The World

Procedural World Generation

The game world is generated using a Whittaker diagram approach — temperature and moisture noise maps combine to create 14 distinct biomes, each with unique terrain, resources, hazards, and atmosphere. From rolling meadows and dark forests to scorching deserts and volcanic wastelands, the world is organized into chunks that load dynamically as you explore, with a fog of war that reveals terrain only as it's visited.

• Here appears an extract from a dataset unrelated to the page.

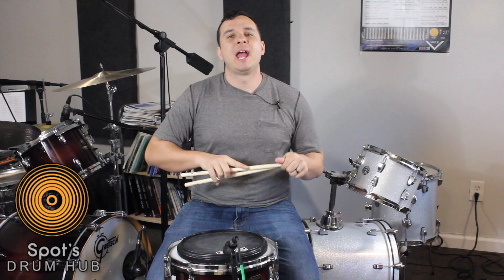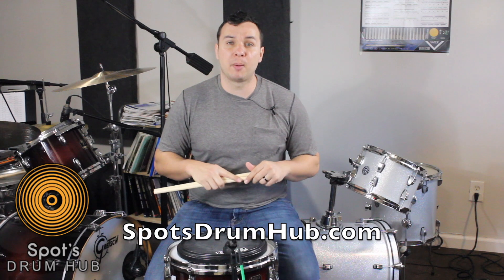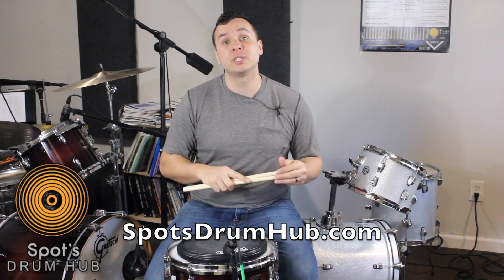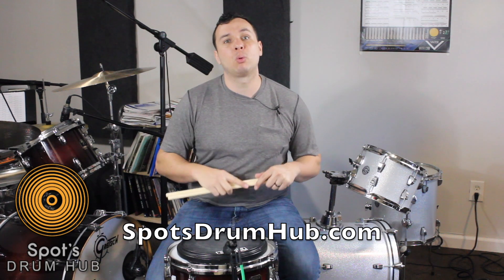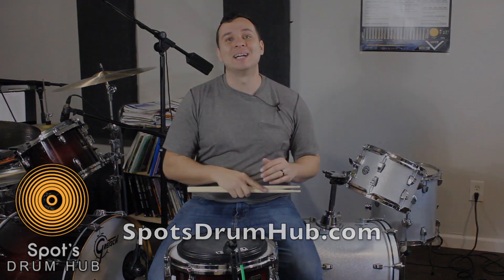Alright, that's it — that's one of my favorite exercises, warm-ups, whatever you want to call it. It really helps my coordination and kind of just gets my brain thinking. I want to know what are some of your favorite exercises. Thanks for checking out this channel — if you like what I'm doing, go ahead and subscribe and hit the notifications button. If you need more resources, visit spotsdrumhub.com, where you can book a lesson with me or check out my online courses, one of which is the Rudiment Breakdown where we break down every rudiment. Take care and I'll see you next time.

Meadow village with Peddler's Stall, Meadow Inn, Hay Farm, and Bonfire Meadow
Desert village with Sun Temple, Camel Stable, Oasis Cantina, and Sand Forge Desert
Mountain village with Peak Sanctum, Watchtower, Mountain Forge, and Runestone Mountains
Enchanted Grove village with Moonlit Glade, Moonwell, Spirit Tree Sanctum, and Spell Mill Enchanted Grove
Farmland village with General Store, Village Well, Forge, Grain Mill, and Farmstead Farmland
Coastal village with Tidemother's Chapel, Harbor Market, Shipwright's Workshop, and Harbor Dock Coast
River Delta village with Raftsman's Rest, Rain Cistern, Levee Forge, Water Mill, and Paddy Field River Delta
Volcanic biome with lava flows, scorched terrain, and rocky outcrops Volcanic
MeadowRolling green hills, safe starting area
Dense ForestDark canopy, ancient trees, hidden paths
MountainsRocky peaks, ore-rich caverns, thin air
DesertScorching dunes, oases, buried ruins
SwampMurky waters, toxic fog, rare herbs
TundraFrozen wastes, blizzards, survival
CoastSandy shores, tidal pools, maritime life
VolcanicLava flows, ash fields, extreme danger
Ancient RuinsCrumbling temples, undead guardians
Crystal CavesGlowing underground, gem deposits
Enchanted GroveMagical forest, fae creatures
Dark HollowPerpetual shadow, cursed ground

Villages & Cultures

Villages spawn procedurally — their size, layout, and buildings are all shaped by the surrounding biome. 40+ building types are placed using a tiered system, with specialized structures like cathedrals and guildhalls appearing only in larger settlements.

Each biome produces a distinct culture — Meadowfolk are friendly nature-worshippers, Cragborn mountaineers are fierce and honor-bound, Tidecallers are free-spirited ocean devotees. Culture shapes NPC speech, values, trade preferences, and willingness to fight.

AI NPC Interactions

Survival

You begin as a homeless farmer boy with nothing. Survival depends on managing energy — your life force, depleted by actions and combat, restored by rest and food — and hunger, which increases over time and accelerates energy drain when neglected. Sleep, weather, and seasonal effects all impact your condition. Storms slow movement. Winter halts crop growth. Night brings monsters.

Procedural Identity

Every NPC is procedurally generated from 37 possible roles — farmer, blacksmith, warrior, priest, enchanter, guildmaster, lord, bandit, and many more. Each gets a culturally appropriate name, personality, family relationships, and a daily schedule that shifts between sleeping, working, eating, and socializing.

Real Conversations

NPC conversations are powered by AI with full context awareness. Each villager responds in character based on their personality, backstory, and current mood. Conversations are summarized, embedded as vectors, and stored — so NPCs remember what you told them, promises you made, and how you've treated them.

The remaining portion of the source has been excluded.